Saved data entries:
* * * *

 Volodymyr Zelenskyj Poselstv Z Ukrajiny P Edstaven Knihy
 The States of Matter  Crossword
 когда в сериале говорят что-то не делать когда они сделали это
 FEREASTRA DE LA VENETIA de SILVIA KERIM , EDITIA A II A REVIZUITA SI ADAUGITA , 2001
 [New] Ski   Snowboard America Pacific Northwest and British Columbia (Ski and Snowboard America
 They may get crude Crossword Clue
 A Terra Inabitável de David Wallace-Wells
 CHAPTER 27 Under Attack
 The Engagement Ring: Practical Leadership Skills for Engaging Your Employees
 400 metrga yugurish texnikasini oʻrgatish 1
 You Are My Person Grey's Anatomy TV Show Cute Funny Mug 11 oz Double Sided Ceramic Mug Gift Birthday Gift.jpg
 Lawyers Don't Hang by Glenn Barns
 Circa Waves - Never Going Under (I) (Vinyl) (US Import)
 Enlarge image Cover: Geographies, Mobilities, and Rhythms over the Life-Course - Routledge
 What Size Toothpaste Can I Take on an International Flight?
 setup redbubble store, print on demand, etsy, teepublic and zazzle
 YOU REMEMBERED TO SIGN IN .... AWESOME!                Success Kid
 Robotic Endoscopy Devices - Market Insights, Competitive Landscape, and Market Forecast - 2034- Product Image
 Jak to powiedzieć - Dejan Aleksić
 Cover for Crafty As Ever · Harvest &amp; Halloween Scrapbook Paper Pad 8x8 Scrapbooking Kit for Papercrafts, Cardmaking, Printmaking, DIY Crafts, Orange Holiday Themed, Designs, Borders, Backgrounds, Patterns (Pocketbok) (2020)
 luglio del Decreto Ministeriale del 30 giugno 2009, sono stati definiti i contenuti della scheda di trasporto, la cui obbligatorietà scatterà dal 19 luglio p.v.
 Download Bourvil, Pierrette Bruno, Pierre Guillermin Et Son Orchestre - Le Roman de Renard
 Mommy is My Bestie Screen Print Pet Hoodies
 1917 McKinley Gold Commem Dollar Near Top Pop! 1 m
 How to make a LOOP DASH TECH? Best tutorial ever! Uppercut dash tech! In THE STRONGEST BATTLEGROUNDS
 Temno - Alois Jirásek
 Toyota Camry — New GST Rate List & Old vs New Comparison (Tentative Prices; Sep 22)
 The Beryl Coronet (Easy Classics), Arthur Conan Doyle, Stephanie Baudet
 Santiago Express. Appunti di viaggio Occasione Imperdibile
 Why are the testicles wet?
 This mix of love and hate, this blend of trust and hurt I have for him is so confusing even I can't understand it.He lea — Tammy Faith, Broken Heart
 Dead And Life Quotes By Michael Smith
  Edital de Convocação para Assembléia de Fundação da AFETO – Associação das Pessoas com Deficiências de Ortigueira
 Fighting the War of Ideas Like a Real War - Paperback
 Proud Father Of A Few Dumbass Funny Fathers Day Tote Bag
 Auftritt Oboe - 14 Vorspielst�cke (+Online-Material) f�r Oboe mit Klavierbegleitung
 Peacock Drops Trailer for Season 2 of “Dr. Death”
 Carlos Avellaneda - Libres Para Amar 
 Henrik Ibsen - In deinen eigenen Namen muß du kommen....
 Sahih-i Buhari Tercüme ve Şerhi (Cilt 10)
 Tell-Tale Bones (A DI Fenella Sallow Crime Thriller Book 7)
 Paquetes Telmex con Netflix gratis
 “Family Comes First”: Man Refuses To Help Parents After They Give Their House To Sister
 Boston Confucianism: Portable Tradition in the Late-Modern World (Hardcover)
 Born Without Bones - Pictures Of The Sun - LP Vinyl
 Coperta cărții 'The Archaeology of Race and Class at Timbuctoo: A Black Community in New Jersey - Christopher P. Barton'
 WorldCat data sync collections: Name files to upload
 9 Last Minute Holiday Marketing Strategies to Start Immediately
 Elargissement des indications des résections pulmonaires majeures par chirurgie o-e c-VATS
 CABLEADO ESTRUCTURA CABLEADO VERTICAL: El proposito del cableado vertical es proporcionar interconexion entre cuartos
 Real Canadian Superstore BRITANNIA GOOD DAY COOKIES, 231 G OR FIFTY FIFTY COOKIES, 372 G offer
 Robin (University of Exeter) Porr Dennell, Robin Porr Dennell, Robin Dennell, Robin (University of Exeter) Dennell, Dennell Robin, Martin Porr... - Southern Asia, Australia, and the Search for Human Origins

* * * *

• [Task goal]: Where a line in the records above contains the word "Real", copy that line.

• [Task output]:
 Fighting the War of Ideas Like a Real War - Paperback
 Real Canadian Superstore BRITANNIA GOOD DAY COOKIES, 231 G OR FIFTY FIFTY COOKIES, 372 G offer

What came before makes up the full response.